What happened to the C380?

- CD


----------



## CharlieCobra (May 23, 2006)

It's still in the running but it's looking to be moving out of our range for now. I can always get something else in a few years.


----------



## CharlieCobra (May 23, 2006)

I'm surprised more folks haven't posted on this one, especially Jeff H. I'd like to know how these boats sail when compared to something like a Catalina 38/380, Beneteau 32.2 etc.. The one I'm most interested in is the K-46 that rates a PHRF of 114 without flying sails, which ain't half bad. I figured some of the folks up here had at least sailed on one of these classics or maybe a Knud Reimers sloop, which is very similar.


----------



## msl (Jul 4, 2001)

I had only read about, and seen photographs of Kettenburgs when, one Sunday afternon, visiting California on a business trip, we happened to be at a Dana Point marina restaurant while a Kettenburg 40 motored in.

We saw it from a distance, several rows of slips away, turning towards us.

It was unmistakeably a Kettenburg - the distinctive coachroof, and those beautiful lines.

The owners, a father and son as they later revealed, docked her, walked up the ramp and ended up sitting near us at the outdoor restaurant. They had been sanding the coachroof and decks, had wood dust on their clothes and varnish on their deck shoes.

"Is that a Kettenburg" I asked. "A forty" they proudly responded. They let us go look her over.
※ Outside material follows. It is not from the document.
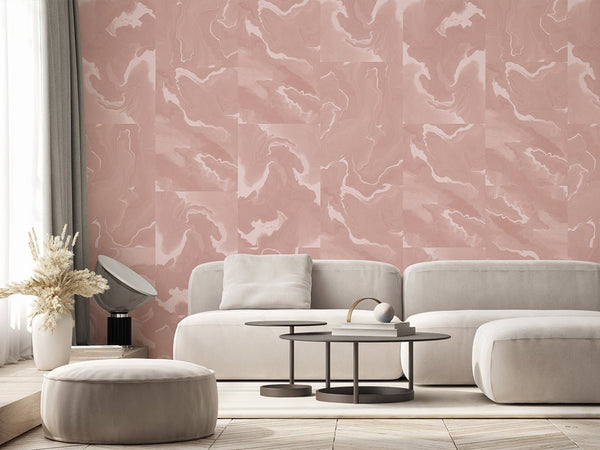 Pink Marble Squares Wall Mural AM032 - CostaCover - Peel and stick Removable Wallpaper - about walls - Abstract - abstract lines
A gorgeous marine design, an excellent total restoration, work in progress, and a lot (A LOT!) of work at that.

Worth it? I think so, yes. But only for those with the time, skills, patience and financal resources to do it all right.
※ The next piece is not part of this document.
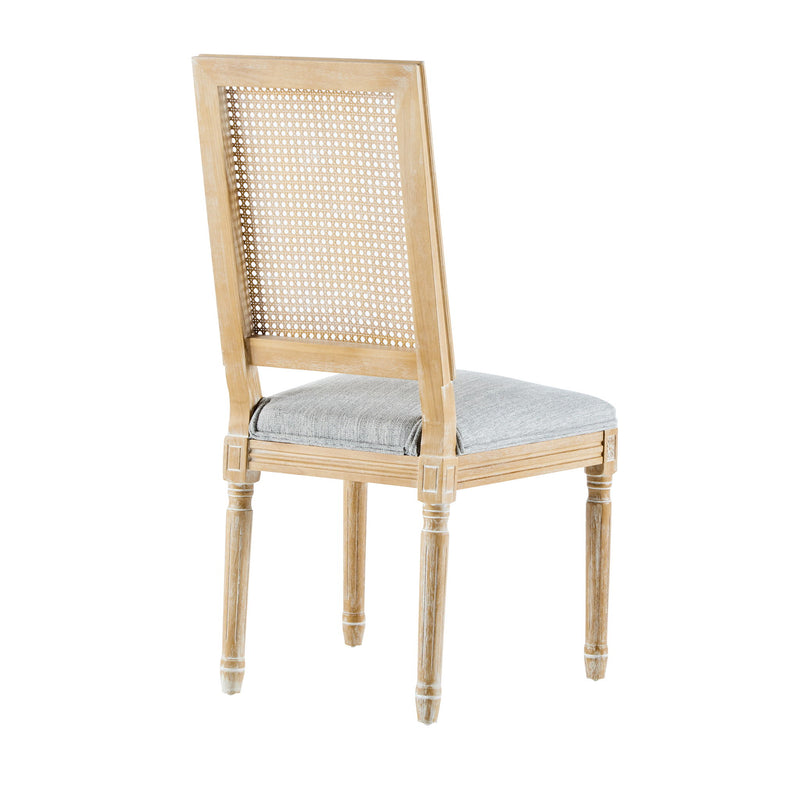 French Country Dining Chair With Rectangular Cane Backrest And Smooth Upholstered Seating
That Kettenburg is so beautiful. It must sail "beautiful", too. Designed for the Pacific, for sure.

Mark L.
Wichita, Kansas


----------



## Jeff_H (Feb 26, 2000)

Of course these are beautiful to look at classic old boats. I have never sailed on a Kettenberg and have only encountered them in written descriptions and seeing a few stray examples over the year. As much as I love wooden boats, and enjoy sailing truly traditional designs, the Kettenbergs represent a type of 1940's through 60's era racer cruiser genre that I really do not particularly like, except perhaps to look at. 
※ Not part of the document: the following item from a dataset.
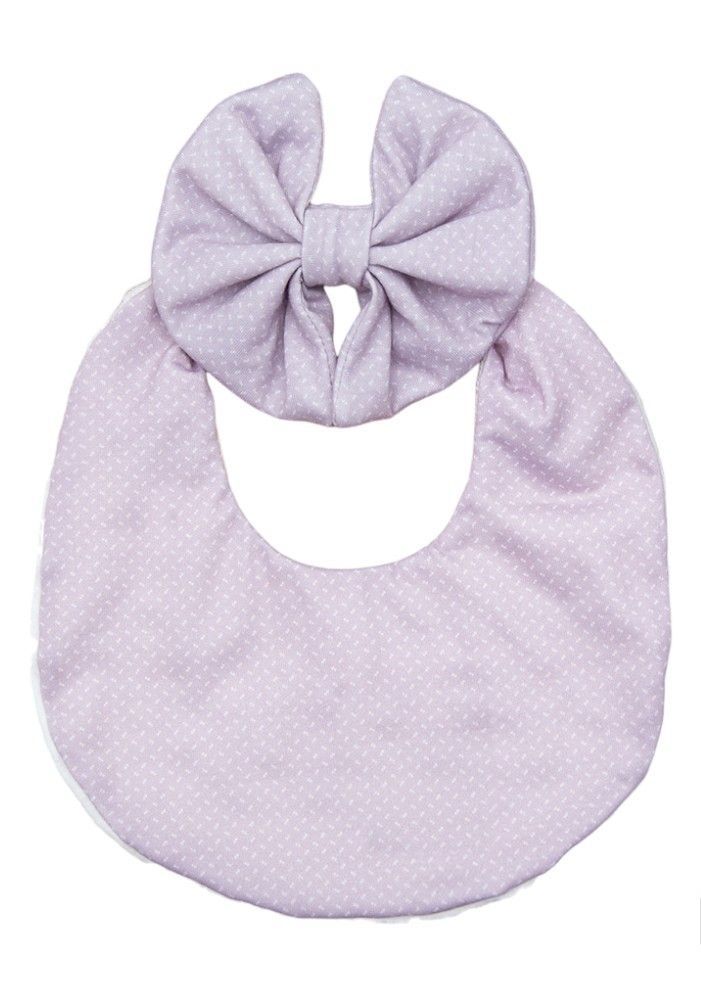 Bambimici - Luna Ribbon Headband & Baby Bib Set - Lavender - 2 Pcs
While the Kettenbergs may be the exception, and that is unlikely, based on my experience with similar designs these short waterline, fin keel-attached rudder boats were a bear to sail. They tended towards heavy weather helm in a breeze, they needed to be sailed on their ear in order to get even mediocre speed out of them, they don't track worth a darn, they were awful to sail in heavy air, and very poor sailers in light air. If the boat has not been modernized, the sail handling hardware of the day was often dangerously undersized for the loads and modern safety systems were virtually absent. 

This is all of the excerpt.